Maurice was quickly attracted to the wine business, as it is close to his culture and encourages festivity, for which the region is so renowned. Indeed, the Fête de la Pentecôte (Whitsun Feria) attracts one million people. Staged for the first time in 1952, it lasts for five days. Like the Munich beer festival, it is one of the most popular festive events in Europe. Maurice would not miss it for the world.
Vines have been cultivated in the region since the 6th Century BC. Domaine de Gournier may have already existed at that time, as it belonged to the lands of the « Sancta Agatha Villa », now called St Chaptes, whose main tower lies half a mile away from the Domaine. After passing through the hands of noble families, the Domaine finally became an independent entity during the French Revolution. The qualities and secrets of these millennial wines were passed on from father to son for several generations.
In 1959, Maurice’s father bought Gournier. At that time, there were more fruit trees than vines. Without a cellar, the grapes were sold to the village’s co-op. A pepinierist by trade (vine rootstock and clone expert), Maurice’s father became one of the first in the region to plant « noble » varietals when hybrids were the norm. Starting in 1970, he planted Merlot and Cabernet Sauvignon, followed closely by Sauvignon Blanc and Chardonnay.
At the beginning of the 80’s, Maurice took over the Domaine and decided to focus on the vineyard. In 1983, he left the co-op for good, amidst clashes with other members of the organization, and created his own cellar. At this time the reputation for the region’s wines was poor and changing that opinion for the better became Maurice’s challenge.

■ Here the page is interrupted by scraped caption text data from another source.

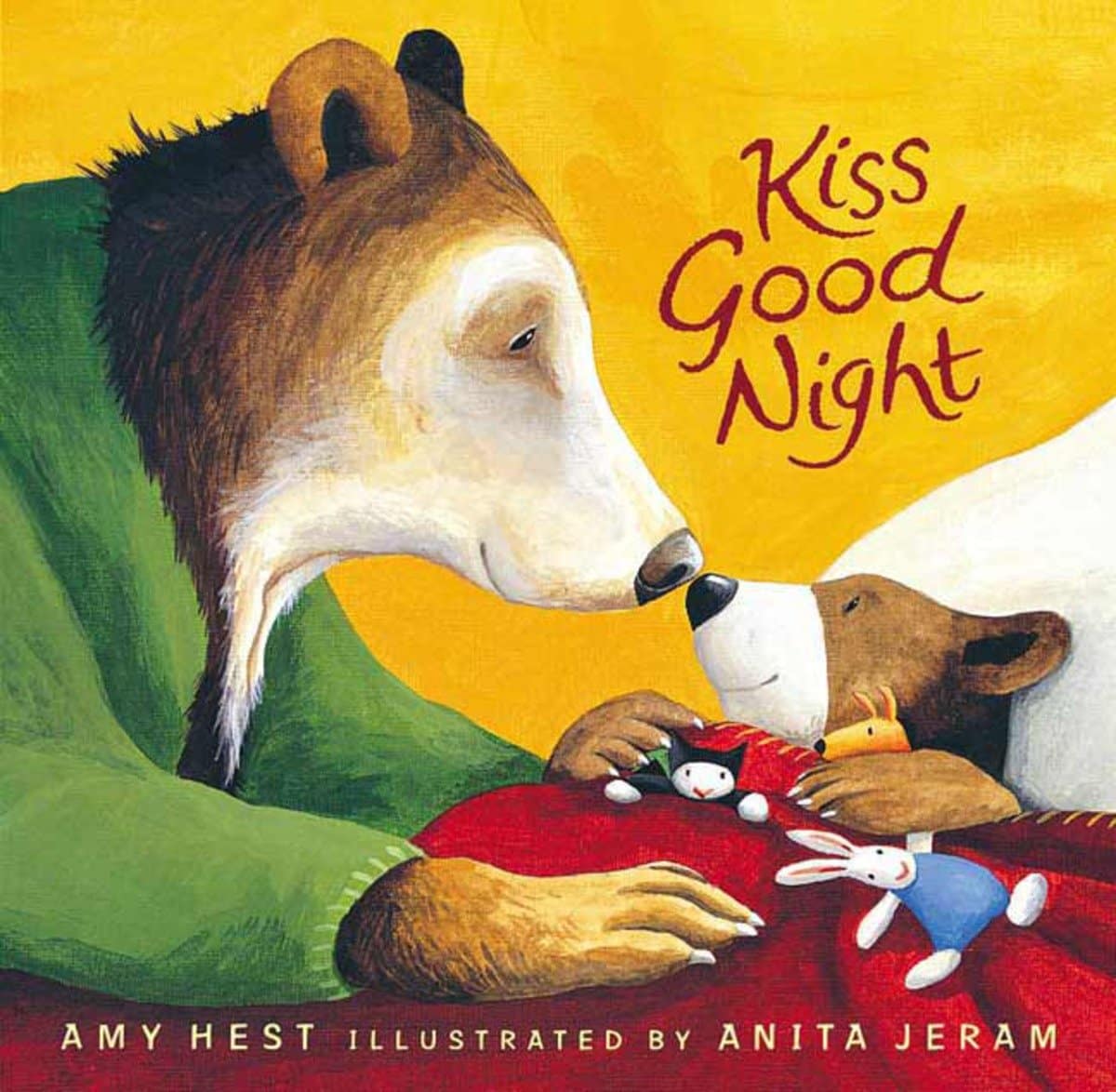 9780763620943 Kiss Good Night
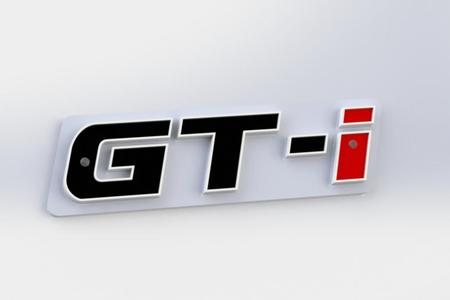 Suzuki GTI Badge Multi Colour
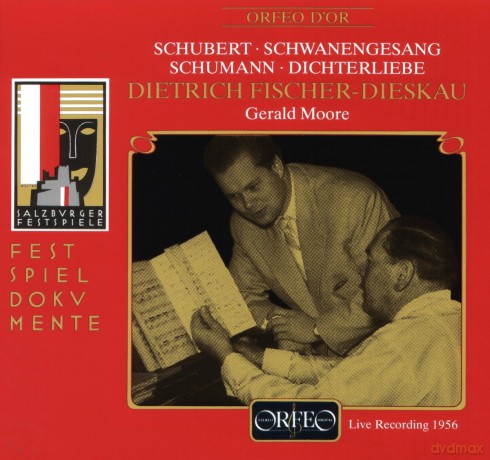 Robert Schumann: Dichterliebe op.48 [CD]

Maurice has remained faithful to his natal region, but he has also traveled extensively abroad. He worked for a long time in Morocco and Spain and he is part owner of a Romanian domain today. It’s certainly because of his pepinierist background that he enjoys experimenting with varietals from other regions.
Gone with the Flood
During the night of September 8th through the 9th 2002, violent and abundant rains fell on the South of France. Many were impacted, thousands were displaced, some lost it all, but Gournier, like the phoenix rising from nothingness, came out of it stronger and better. During that fateful night, the waters rose rapidly and flooded the grounds for miles around. Mud slides created havoc, taking with them trees and damaging houses. Within a matter of hours the entire Domaine was under water. Maurice, along with the Canadian staff who had landed a few days prior to help with the harvest, was now a captive of the rising waters. They first attempted to save important equipment, but soon realized they had to save their own lives first. Trapped in Maurice’s house, they took refuge on the highest story and finally climbed onto the roof when the water reached 24 feet. Maurice could only see water where his vines, his car, his cellar, his house used to be. Everything was gone! Maurice, his Canadian workers, his staff, and Alain Demezon (his consulting oenologist who also works with us on other properties) were rescued by helicopter and carried to safety.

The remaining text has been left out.